Dallas and San Antonio. I don't like Dallas, and San Antonio are the defending champs, lets see if we can compete with them.


----------



## sportkingJSP13 (Jul 11, 2005)

SA to get revenge on what happened in the playoffs


----------



## sportkingJSP13 (Jul 11, 2005)

yep


----------



## Drk Element (Nov 10, 2004)

Dallas and Atlanta. Payback.


----------



## Nashaholic (Mar 30, 2005)

I was a huge Dallas fan when Nash was there so I'll be looking forward to that matchup :biggrin:


----------



## Kekai (Jan 12, 2005)

Nashaholic said:


> I was a huge Dallas fan when Nash was there so I'll be looking forward to that matchup :biggrin:


We open up vs them on TNT very first game. Can't wait. Losing is not an option.


----------



## DaBigTicketKG21 (Apr 27, 2003)

I would say SA, just because of the WCF and Michael Finley signing.


----------



## Carbo04 (Apr 15, 2005)

The Bobcats. Because I'll be there.


----------



## Tiz (May 9, 2005)

SA & Hawks for obvious reasons.

Dallas and NJ right after that.


----------



## ChristopherJ (Aug 10, 2004)

SA and Dallas. They're a challenge, and there is some importance in beating them.


----------



## rongotai (Sep 14, 2005)

Defintely Spurs


----------



## LamarButler (Apr 16, 2005)

Dallas and SA. I wanna see Amare dunk on Dirk and Duncan.


----------



## Pj5 (Sep 15, 2005)

I'm actually looking forward to the clash between our teams. Glad that's a season opener. May the best team win. 
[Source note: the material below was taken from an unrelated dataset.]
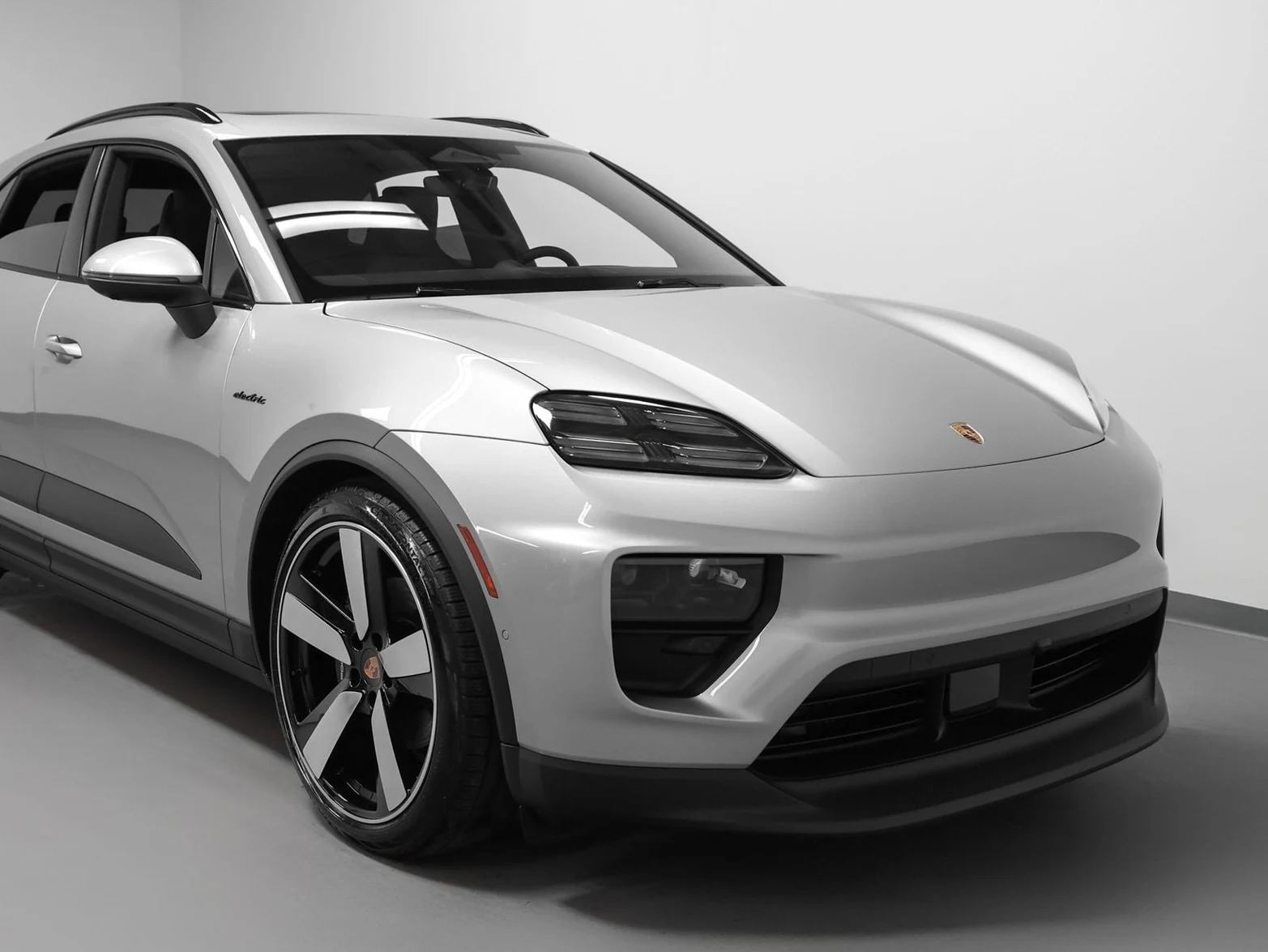 2026 Porsche Macan 4 Electric (XAB), 8/20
I also wanna see Phoenix match up against San Antonio because I believe they're a lot better than they were last year. I didn't like the Suns that much the previous season because they played a somewhat senseless kind of basketball (all offense- no D) but this year's team is way different in that Nash has another option to go to in the post (KThomas) and people have really underestimated what Bell and James Jones can do to replace Joe Johnson and that overrated pile of trash Quentin Richardson. I also would like to see the Suns and Mavs shut the Rockets up this year because all that fuzz about stromile swift and they don't even have a real point guard who can distribute the ball efficiently.


----------